Norman Lear's legacy in TV will be felt throughout our lifetime
- Legendary TV producer Norman Lear died on Tuesday.
- He created iconic shows like "All in the Family" and "Sanford and Son."
Television producer Norman Lear, who died at the age of 101 on Tuesday, revolutionized TV in the 1970s, completely changing the medium.
Lear created "All in the Family," "Sanford and Son," "Good Times," and "The Jeffersons," and brought the complicated world around us onto our TV screens every night.
Lear's success began with "All in the Family," which was based on a popular British show called "Till Death Us Do Part." He updated and revamped it for American audiences and created a mold-breaking hit show in the process.
"Family" followed the life of Archie Bunker (played by Carroll O'Connor), an unsympathetic, bigoted blue-collar man, and took on taboo-at-the-time topics never before discussed on TV: infidelity, sexuality, religion, and the Vietnam War. Lear wove these difficult conversations into much of the television he produced, helping millions of Americans start dialogues in their own homes.

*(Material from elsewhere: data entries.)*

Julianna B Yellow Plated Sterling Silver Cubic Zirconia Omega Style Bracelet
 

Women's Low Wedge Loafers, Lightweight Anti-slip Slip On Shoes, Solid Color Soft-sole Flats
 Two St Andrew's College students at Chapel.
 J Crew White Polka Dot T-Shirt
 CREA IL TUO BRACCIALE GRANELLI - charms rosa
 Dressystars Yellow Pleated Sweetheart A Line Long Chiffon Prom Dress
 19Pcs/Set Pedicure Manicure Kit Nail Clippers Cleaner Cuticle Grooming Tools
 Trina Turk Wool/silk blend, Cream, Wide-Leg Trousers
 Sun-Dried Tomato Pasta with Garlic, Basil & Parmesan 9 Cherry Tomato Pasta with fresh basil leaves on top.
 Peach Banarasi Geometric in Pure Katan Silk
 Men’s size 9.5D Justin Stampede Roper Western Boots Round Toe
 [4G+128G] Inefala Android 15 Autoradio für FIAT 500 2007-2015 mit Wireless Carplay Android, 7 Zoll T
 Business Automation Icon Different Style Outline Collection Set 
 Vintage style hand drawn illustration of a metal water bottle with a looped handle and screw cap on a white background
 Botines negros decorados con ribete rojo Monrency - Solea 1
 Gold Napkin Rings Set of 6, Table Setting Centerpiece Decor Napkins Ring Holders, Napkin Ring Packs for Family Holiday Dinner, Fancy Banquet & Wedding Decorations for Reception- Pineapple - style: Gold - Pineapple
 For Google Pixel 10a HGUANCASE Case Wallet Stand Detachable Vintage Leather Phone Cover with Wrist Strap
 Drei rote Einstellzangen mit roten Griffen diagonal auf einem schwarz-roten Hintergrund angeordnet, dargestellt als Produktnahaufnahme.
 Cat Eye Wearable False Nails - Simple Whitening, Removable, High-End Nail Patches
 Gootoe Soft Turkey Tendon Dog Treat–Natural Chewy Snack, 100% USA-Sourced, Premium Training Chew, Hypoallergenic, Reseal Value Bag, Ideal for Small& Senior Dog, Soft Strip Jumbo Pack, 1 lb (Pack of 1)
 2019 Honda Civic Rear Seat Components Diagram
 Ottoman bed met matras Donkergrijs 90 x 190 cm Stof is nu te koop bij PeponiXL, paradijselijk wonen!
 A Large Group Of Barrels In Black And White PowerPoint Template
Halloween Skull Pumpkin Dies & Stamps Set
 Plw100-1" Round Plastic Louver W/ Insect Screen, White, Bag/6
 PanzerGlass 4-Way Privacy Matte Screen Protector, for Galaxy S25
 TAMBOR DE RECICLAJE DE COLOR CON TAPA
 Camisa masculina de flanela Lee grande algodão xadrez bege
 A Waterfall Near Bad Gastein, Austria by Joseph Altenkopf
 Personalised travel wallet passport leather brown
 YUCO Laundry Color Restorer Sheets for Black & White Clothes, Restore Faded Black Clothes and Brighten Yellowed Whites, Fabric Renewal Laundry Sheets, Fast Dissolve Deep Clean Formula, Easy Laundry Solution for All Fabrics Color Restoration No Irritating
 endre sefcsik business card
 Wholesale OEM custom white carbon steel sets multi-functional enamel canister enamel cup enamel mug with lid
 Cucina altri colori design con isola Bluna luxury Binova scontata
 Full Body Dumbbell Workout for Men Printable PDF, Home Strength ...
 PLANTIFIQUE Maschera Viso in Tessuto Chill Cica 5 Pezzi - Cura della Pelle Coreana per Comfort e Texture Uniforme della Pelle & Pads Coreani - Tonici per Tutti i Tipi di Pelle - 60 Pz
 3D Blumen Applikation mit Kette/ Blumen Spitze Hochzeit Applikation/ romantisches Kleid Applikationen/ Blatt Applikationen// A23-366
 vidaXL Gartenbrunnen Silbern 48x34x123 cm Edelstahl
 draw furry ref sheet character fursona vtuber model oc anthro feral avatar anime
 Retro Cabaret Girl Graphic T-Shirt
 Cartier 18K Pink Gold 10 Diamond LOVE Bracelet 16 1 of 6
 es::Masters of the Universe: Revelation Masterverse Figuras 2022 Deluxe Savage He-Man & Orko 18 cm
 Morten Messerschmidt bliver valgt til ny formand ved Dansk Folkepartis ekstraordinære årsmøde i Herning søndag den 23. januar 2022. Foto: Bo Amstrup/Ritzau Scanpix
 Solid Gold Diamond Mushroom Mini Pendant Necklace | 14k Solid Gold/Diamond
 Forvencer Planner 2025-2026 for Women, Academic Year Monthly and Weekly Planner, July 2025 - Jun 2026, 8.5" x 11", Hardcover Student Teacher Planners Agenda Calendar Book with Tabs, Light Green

He doubled down with "Sanford and Son," starring Redd Foxx as Fred Sanford, a cantankerous widower who tries to get by doing quick schemes with his son. It would pave the way for sitcoms featuring Black actors in the lead roles like "Good Times, "The Jeffersons," and "Diff'rent Strokes," which Lear also had a hand in.
What followed was a life of acclaim in Hollywood. Over his career, Lear earned six Emmys and two Peabody Awards. But his work transcended television.
Many of the most trailblazing shows in TV history — from "Roseanne" to The Sopranos" to "The Wire" — have elements that can be traced back to Lear.
"I have never, ever remembered thinking,' Oh, we're doing something outlandish, riotously different,'" he told The Atlantic. "I wasn't on any mission. And I don't think I knew I was breaking such ground. I didn't watch 'Petticoat Junction,' for Chrissake. I didn't watch 'Beverly Hillbillies.' I didn't know what I was doing,"
He may not have known what he was doing, but he intrinsically understood what American audiences needed.
"If you could get them caring, the more they cared, the harder they laughed," he said in a 2005 interview. "So we gravitated to shows and issues and causes that made people care. Then, of course, we had a point of view on them. So that's where a 'message' might have come from. But making them laugh was the charge."